Women On 20s are not only at the forefront of this dialogue, they’re also on a mission to replace Andrew Jackson's face on the $20 bill with a female figure from American history.
What's up with 20s? Basically, the ladies believe Jackson isn't a flattering (or accurate) reflection of American values. The country’s seventh president infamously passed the Indian Removal Act of 1830, forcing thousands of Native Americans to leave their homes and walk across the country to tiny reserves in Oklahoma. Many of them died on the passage, which is why we now refer to it as the Trail of Tears.
It makes sense why the ladies would want to see a new face on the 20, but MTV News decided to find out how this actually gets done -- if at all.
The short answer is it's very possible to make over our money.

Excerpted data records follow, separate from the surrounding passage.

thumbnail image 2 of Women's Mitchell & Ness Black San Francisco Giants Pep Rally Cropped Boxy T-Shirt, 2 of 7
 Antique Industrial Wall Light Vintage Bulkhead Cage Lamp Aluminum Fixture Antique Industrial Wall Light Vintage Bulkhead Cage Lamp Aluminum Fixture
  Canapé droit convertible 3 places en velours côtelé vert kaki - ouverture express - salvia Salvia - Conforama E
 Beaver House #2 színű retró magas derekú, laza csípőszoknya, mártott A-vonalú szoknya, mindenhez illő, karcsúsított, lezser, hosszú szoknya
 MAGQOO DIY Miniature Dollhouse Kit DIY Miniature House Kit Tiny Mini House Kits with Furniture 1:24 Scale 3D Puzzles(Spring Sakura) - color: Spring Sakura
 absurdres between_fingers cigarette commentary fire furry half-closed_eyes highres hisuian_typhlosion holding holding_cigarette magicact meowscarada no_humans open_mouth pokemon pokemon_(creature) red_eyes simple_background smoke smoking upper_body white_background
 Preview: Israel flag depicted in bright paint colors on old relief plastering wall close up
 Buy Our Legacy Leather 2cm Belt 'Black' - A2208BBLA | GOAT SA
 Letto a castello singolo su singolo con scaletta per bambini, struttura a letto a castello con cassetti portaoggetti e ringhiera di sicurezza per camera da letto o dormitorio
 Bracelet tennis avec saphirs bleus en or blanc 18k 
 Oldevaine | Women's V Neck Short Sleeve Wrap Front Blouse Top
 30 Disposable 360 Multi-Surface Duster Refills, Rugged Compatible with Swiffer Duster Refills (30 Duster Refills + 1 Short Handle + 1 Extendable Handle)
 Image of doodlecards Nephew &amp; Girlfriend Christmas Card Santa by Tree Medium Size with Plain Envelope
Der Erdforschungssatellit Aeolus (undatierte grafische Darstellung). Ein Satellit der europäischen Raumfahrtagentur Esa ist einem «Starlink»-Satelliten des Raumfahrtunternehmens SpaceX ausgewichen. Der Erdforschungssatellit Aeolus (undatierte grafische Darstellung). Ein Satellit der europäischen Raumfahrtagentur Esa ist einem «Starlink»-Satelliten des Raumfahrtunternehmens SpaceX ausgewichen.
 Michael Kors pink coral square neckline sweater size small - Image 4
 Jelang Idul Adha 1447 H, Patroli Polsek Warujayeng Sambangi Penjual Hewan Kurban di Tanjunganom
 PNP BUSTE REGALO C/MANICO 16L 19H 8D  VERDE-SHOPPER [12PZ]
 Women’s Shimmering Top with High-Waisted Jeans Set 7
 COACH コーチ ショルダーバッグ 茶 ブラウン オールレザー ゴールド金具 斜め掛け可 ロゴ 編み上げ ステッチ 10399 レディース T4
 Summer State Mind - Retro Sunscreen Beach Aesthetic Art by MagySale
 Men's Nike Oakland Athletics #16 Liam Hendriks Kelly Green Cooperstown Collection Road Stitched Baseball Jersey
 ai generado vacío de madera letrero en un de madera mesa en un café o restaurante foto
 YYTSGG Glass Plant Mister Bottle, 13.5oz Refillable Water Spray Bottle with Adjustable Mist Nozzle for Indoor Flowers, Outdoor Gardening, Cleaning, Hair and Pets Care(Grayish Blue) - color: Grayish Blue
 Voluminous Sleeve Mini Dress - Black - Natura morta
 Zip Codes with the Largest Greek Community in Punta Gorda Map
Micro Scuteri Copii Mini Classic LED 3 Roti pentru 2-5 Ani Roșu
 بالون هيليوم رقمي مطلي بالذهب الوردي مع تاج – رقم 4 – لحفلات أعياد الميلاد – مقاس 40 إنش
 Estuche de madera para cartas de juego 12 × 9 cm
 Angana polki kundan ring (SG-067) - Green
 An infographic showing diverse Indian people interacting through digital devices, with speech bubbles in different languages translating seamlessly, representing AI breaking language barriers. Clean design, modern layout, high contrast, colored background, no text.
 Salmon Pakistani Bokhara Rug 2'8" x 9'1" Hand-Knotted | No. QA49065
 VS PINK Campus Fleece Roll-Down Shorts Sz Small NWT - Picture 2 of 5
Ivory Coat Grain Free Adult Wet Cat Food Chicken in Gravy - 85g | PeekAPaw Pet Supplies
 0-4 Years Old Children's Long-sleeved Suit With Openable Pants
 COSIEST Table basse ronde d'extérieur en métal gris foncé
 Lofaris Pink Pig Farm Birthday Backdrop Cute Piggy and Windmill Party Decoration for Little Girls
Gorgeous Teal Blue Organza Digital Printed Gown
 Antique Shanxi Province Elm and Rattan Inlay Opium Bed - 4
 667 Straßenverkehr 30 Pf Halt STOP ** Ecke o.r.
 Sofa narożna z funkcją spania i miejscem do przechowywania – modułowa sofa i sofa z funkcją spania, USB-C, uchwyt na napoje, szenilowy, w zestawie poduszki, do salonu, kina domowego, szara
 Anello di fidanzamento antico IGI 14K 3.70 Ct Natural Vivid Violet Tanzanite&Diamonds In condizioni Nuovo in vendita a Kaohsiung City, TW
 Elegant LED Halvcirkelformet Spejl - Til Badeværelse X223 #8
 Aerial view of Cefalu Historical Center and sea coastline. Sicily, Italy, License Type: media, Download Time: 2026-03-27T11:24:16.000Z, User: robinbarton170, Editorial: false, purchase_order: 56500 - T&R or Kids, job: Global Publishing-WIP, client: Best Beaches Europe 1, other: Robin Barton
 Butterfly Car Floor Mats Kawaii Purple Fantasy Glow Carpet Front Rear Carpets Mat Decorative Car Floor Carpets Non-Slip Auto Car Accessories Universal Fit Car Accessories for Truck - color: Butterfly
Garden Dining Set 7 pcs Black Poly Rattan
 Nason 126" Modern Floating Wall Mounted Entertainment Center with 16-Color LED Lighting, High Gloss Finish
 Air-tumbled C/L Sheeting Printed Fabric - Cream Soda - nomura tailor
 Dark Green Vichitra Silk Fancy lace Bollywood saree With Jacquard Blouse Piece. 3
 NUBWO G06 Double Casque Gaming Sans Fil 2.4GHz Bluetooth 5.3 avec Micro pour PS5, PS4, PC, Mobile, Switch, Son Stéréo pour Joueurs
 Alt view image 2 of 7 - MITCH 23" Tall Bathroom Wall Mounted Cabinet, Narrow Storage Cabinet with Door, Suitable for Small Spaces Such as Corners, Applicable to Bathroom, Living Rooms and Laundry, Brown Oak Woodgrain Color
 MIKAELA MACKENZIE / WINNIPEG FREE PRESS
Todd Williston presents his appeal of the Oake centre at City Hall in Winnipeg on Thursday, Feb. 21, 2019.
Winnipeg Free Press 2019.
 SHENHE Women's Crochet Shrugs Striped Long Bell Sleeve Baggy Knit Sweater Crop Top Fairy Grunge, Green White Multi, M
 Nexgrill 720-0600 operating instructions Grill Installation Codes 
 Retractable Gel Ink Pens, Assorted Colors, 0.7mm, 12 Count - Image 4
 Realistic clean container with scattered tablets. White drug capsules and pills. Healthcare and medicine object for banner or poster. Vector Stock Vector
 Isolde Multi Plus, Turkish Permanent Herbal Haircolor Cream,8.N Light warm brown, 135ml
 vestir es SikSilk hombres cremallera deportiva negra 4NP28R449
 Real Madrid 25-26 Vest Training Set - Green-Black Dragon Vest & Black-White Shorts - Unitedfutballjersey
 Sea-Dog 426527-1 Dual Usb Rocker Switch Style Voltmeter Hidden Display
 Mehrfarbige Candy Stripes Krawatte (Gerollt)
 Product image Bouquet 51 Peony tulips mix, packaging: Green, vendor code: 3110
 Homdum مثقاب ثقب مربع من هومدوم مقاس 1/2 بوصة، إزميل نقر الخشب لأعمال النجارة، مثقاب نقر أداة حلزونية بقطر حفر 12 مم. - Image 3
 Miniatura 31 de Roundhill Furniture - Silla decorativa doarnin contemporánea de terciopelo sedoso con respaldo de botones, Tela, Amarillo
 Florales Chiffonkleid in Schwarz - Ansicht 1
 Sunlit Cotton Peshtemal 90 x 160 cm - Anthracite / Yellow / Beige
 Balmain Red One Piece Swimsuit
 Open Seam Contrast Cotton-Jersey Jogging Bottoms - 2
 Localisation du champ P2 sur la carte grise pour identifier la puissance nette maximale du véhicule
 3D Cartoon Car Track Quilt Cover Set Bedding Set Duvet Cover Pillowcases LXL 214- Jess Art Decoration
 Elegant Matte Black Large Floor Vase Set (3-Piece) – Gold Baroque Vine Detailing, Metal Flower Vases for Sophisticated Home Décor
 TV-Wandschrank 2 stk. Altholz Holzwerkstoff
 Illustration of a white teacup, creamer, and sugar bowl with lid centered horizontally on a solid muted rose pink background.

The ladies of Women on 20s say that once they've agreed on a suitable replacement for Jackson, they’ll present their candidate to President Obama, who has publicly expressed interest in featuring females on our currency.
But if there’s no fancy footwork required to get a historic female figure like Rosa Parks on a bill, it's hard not to wonder why there's basically no precedent for it.
MTV News put some of these currency questions to Michael O'Malley, a professor of American History at George Mason University and the author of "Face Value: The Entwined History of Race and Money in America." Prof. O'Malley said that, essentially, the men on our dollars represent a kind of mythical, romanticized vision of American values and any deviation from that is considered a bad thing.
"There is never a point when money isn’t connected to delicate, intangible confidence," said Prof. O'Malley, "and if you put Eleanor Roosevelt on the money or [another female figure], there would be a certain fraction that would feel that 'realness' is lost."
Sadly and perhaps unsurprisingly, there's a layer of sexism that seems to be delaying the change. But O'Malley doesn't think the resistance should stop the members of Women on 20s -- or anyone -- from continuing to push for female faces on our money.
"I am happy about [the movement], he said, "Quite frankly, we should have had women on money years ago."
In all, our money is a mirror: In the faces on our dollars, we see a reflection of our society's shared values. The cool thing about democracy, freedom of speech and the like is that these values are subject to change. Right now, we're changing to become a more accepting, inclusive, awesome society.
It's about time our money reflected that.
[Update: On April 14 (Equal Pay Day), U.S. Senator Jeanne Shaheen, a democrat from New Hampshire, introduced the Women on the Twenty Act, which "direct[s] the Secretary of the Treasury to convene a panel of citizens to recommend a woman whose likeness would be featured on a new [$20] bill." The senator gave a shout-out to Women on 20s in her proposal. MTV News will continue to follow this developing story.]